There are a number of ways to look at this $1.2-trillion budget-busting boost, depending on one’s political persuasions and policy preferences. Fiscal hawks will see another $1.2 trillion added to the record-high debt and deficit levels, high even by the COVID era’s historic standards. Progressives will argue that this $1.2 trillion could be spent on more pressing challenges like climate change and pandemic response. Regardless of where advocates and activists come down, this much is clear: a $1.2-trillion hike to the defense budget, without any corresponding offsets, comes at a significant cost to taxpayers.

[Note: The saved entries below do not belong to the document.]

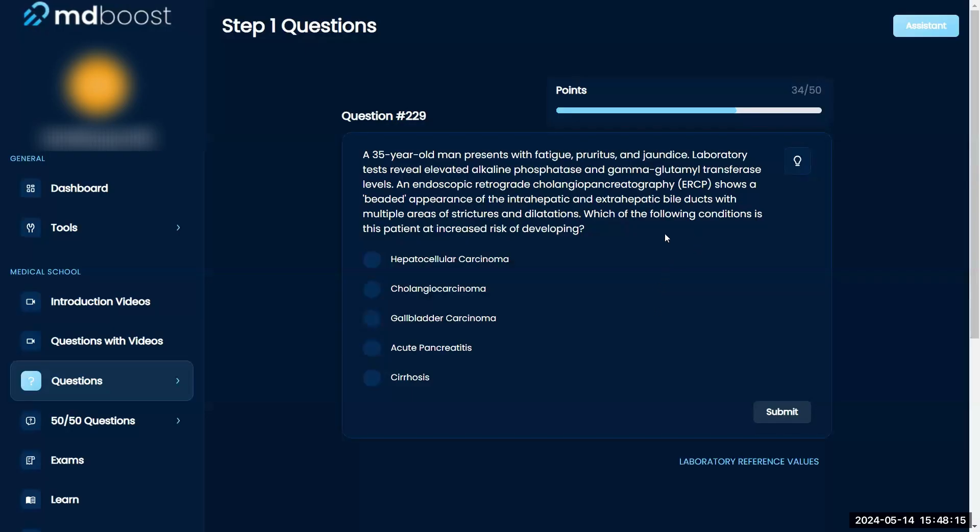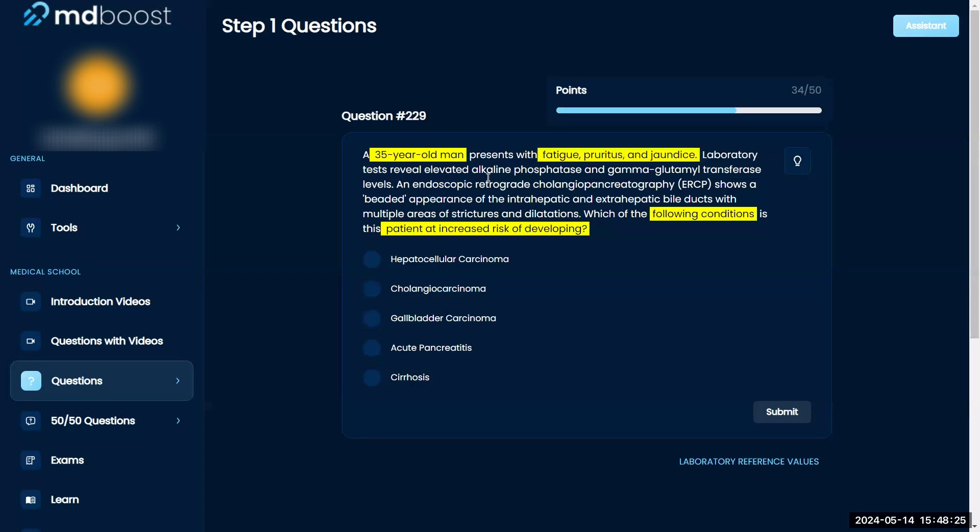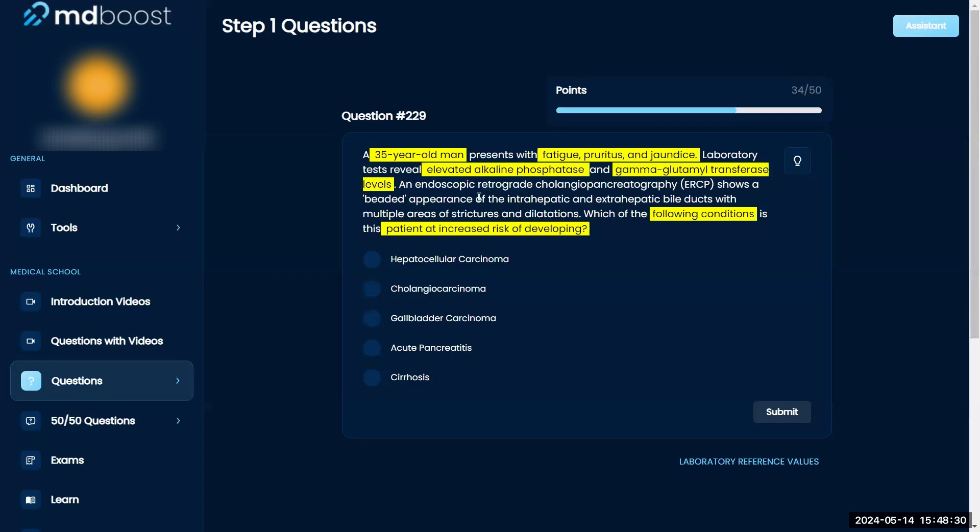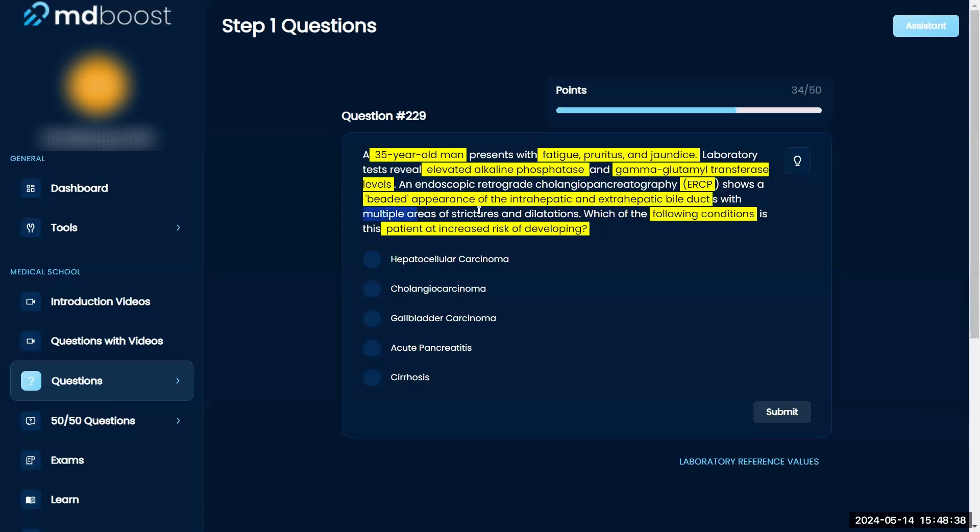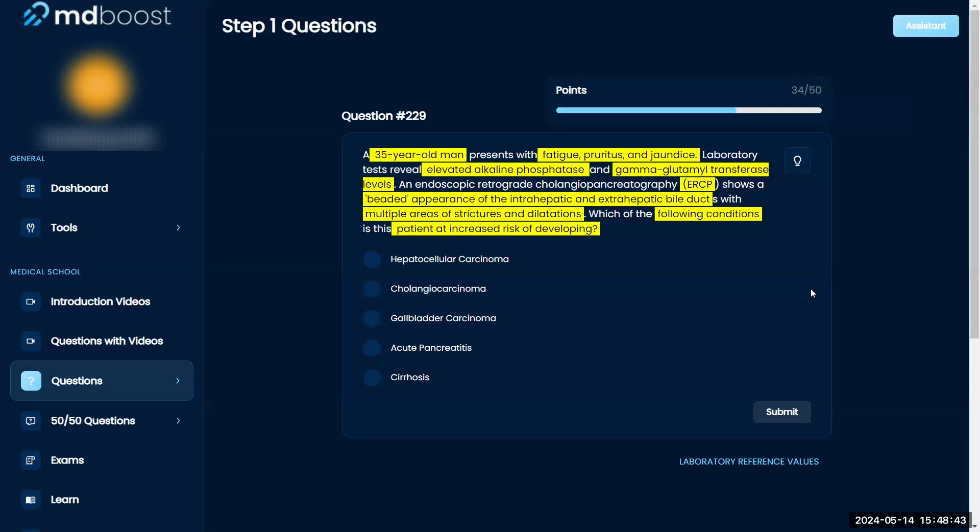Okay, what are the following conditions is this patient at increased risk of developing? A 35-year-old man presents with fatigue, pruritus, and jaundice. Lab tests reveal elevated ALKFOS and gamma glutamyl transferase levels. An endoscopic retrograde cholangio ERCP shows beaded appearance of the intrahepatic and extrahepatic bile ducts with multiple areas of strictures and dilations. What are the following conditions is this patient at increased risk of developing?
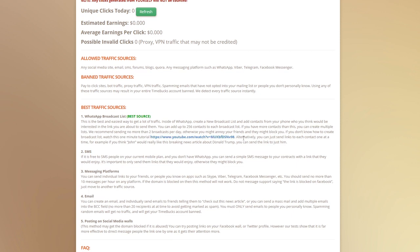You could even send links individually to friends. For example, if you know that John would really like this breaking news article about Donald Trump, you could send him that link and there's a high chance he's going to click on it. So this is by far the best way to get clicks easily and entertain your friends at the same time.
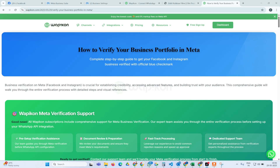Hello and welcome to Wapikon friends. In today's video we are going to understand how to verify your business portfolio in Meta. This business verification is important because if you want to set up WhatsApp API, whether you want to run ads on Facebook or Instagram, or if you want to get a green tick for your WhatsApp, or if you want to verify your Facebook and Instagram profiles.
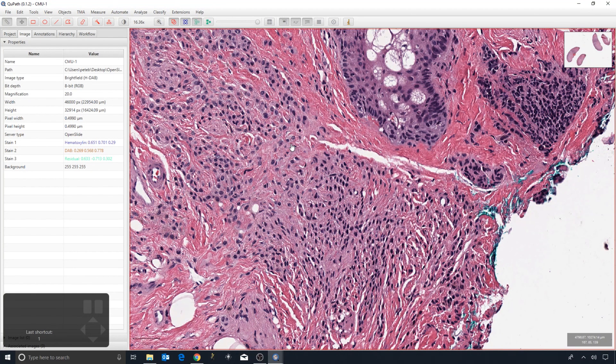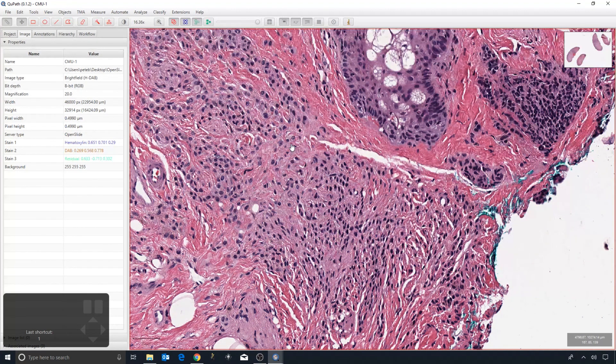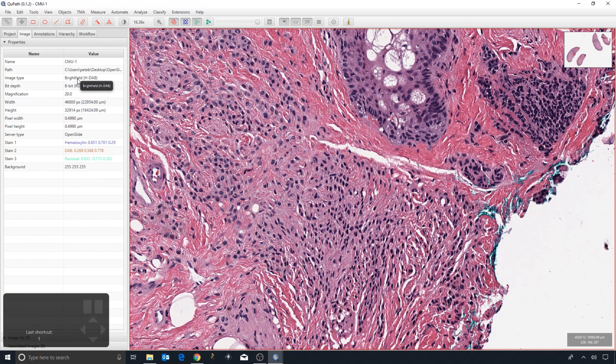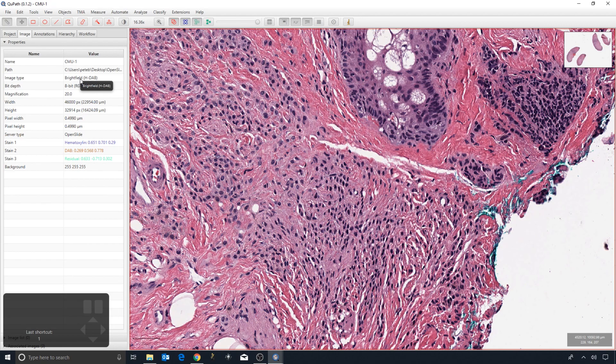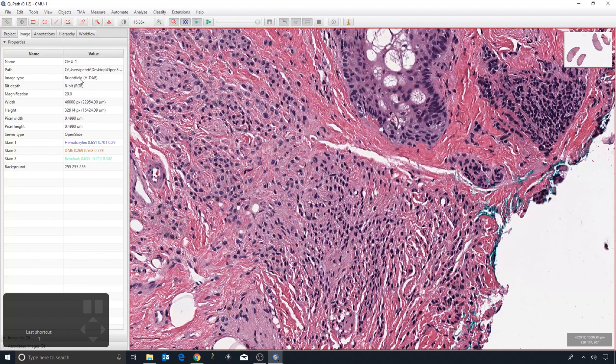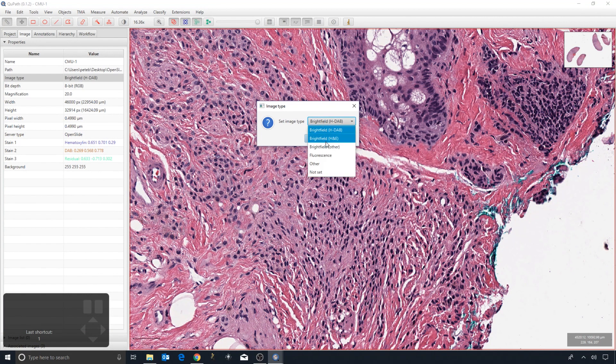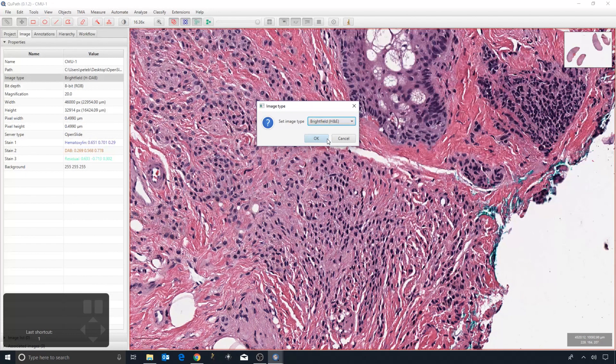...to be sure, if you're going to process an image in any way, that the image type is correct. Be aware that QPath is making its best guess. If it's wrong, you should always check it, and if it's wrong, you can double-click and then you can set the image type to be something more appropriate.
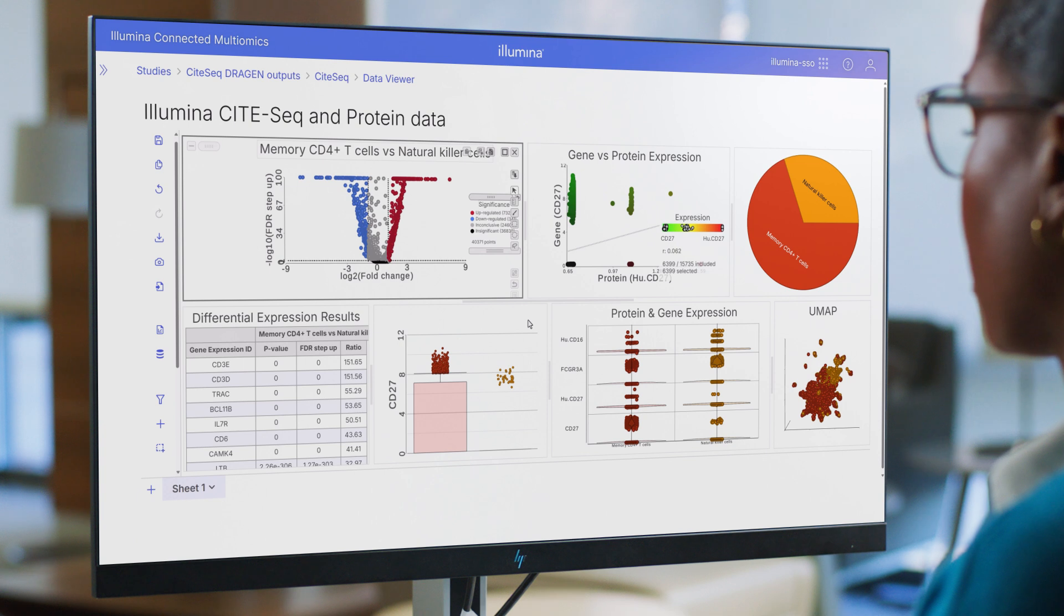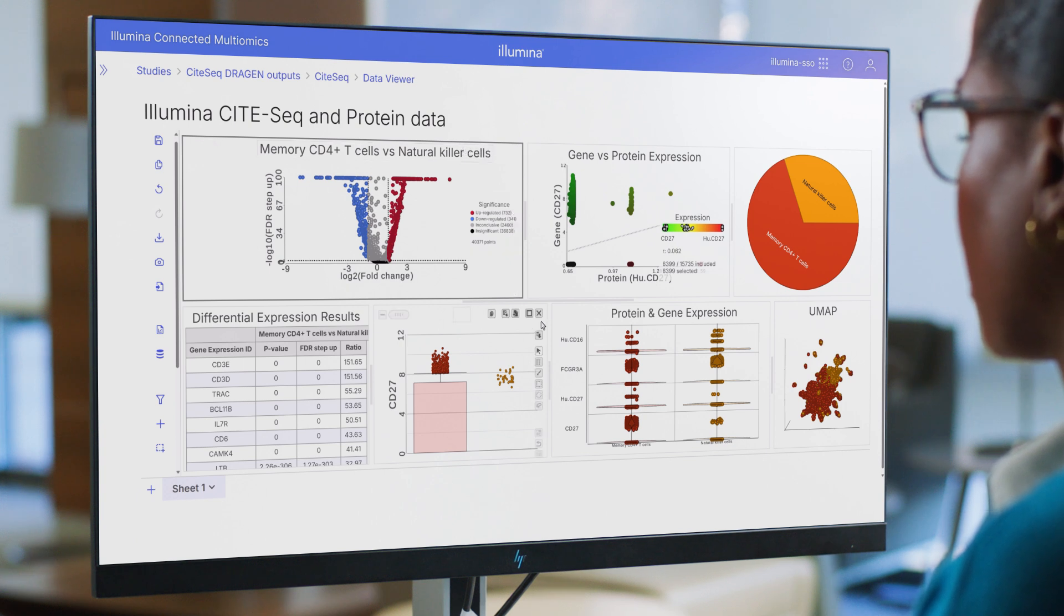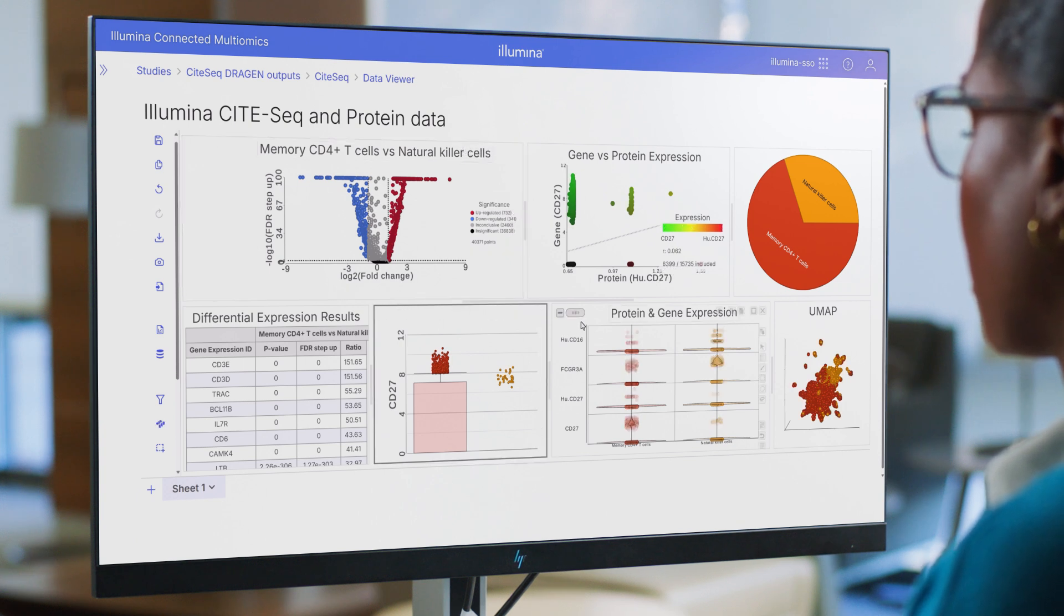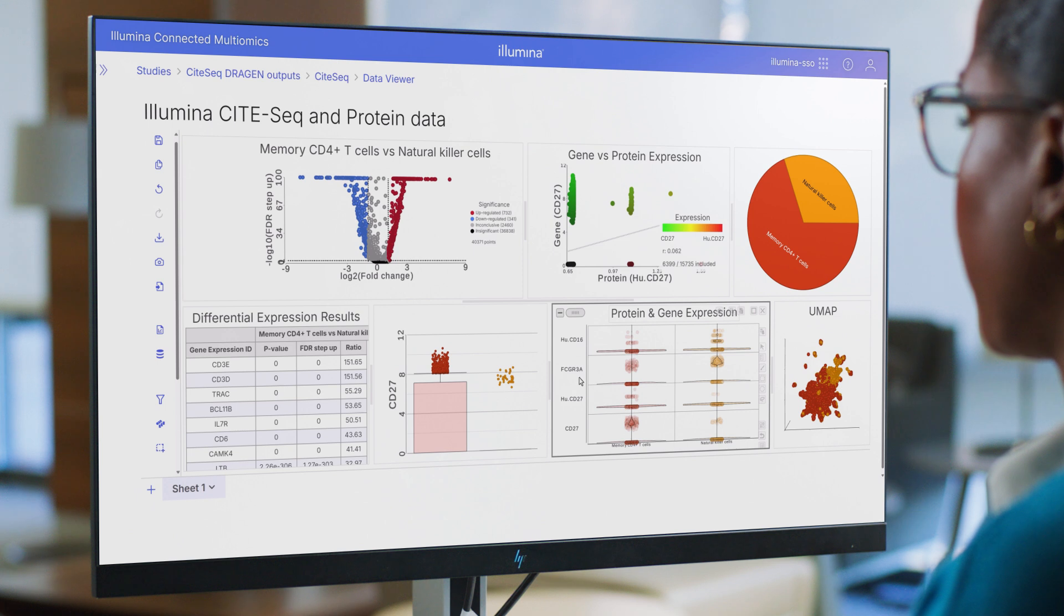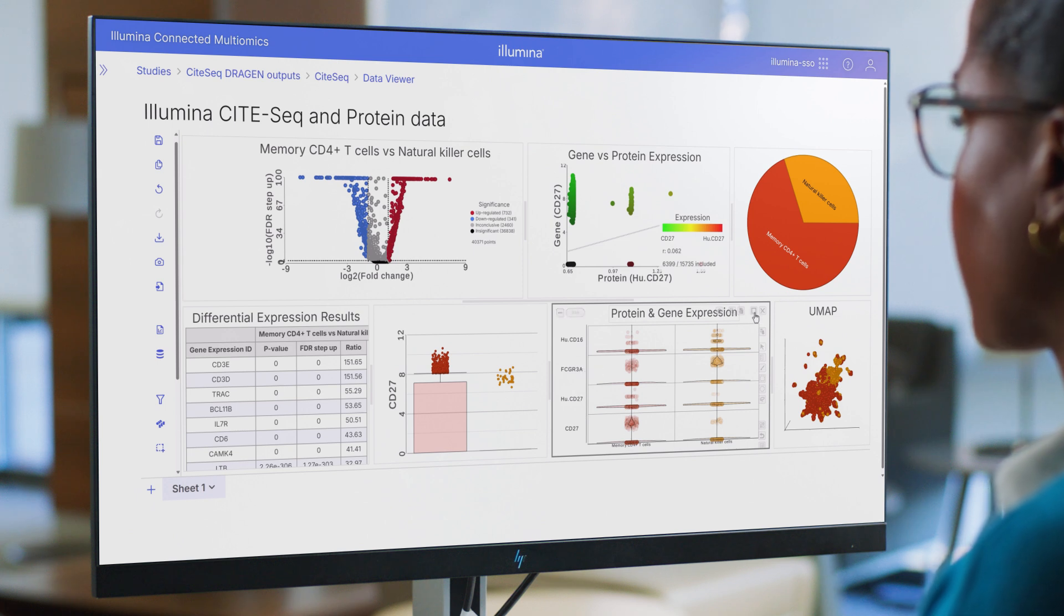Omics data from different applications and techniques sit side by side, providing me a more holistic view of my data than I could ever achieve with a single technique.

It would be another thing if Rogers’ $23.9-billion push was devoted to urgent, emergency needs in the military. But in fact, billions of dollars are going toward the procurement of new ships, warplanes, and other weaponry that there is a questionable urgency for. Nearly a quarter of a billion dollars will go to the highly-troubled F-35 program. More than $3.6 billion will earmarked for just four new warships for the Navy, whose shipyards are already overburdened and underperforming, while another $567 million is directed toward requiring the Navy to accelerate its production of Virginia-class submarines (whose program, by the way, has suffered from cost overruns and delays). More than $6.5 billion will be spread around on military construction projects across 14 states, the District of Columbia, and Poland. Maryland (16 projects earmarked), Florida (12), and New Mexico (11) appear to be winners.
And, like Santa Claus on Christmas Eve, another $3 billion in the Rogers amendment will go toward fulfilling 69 “wish list” requests from the service branches and combatant commands. Fiscal and military watchdogs have sharply criticized this practice, warning that lawmakers will abuse these annual “wish lists” and gum up the defense budget — which is exactly what the House and Senate committees have done.
A skeptic could claim that it’s “just” $25 billion this year, a drop in the bucket compared to the government’s trillions of dollars in COVID spending. But if the defense hawks get what they want, it will add up to $1.2 trillion over the next decade alone. That may not get the flashy headlines of an infrastructure bill, but it’ll have an even bigger impact on taxpayers’ pocketbooks.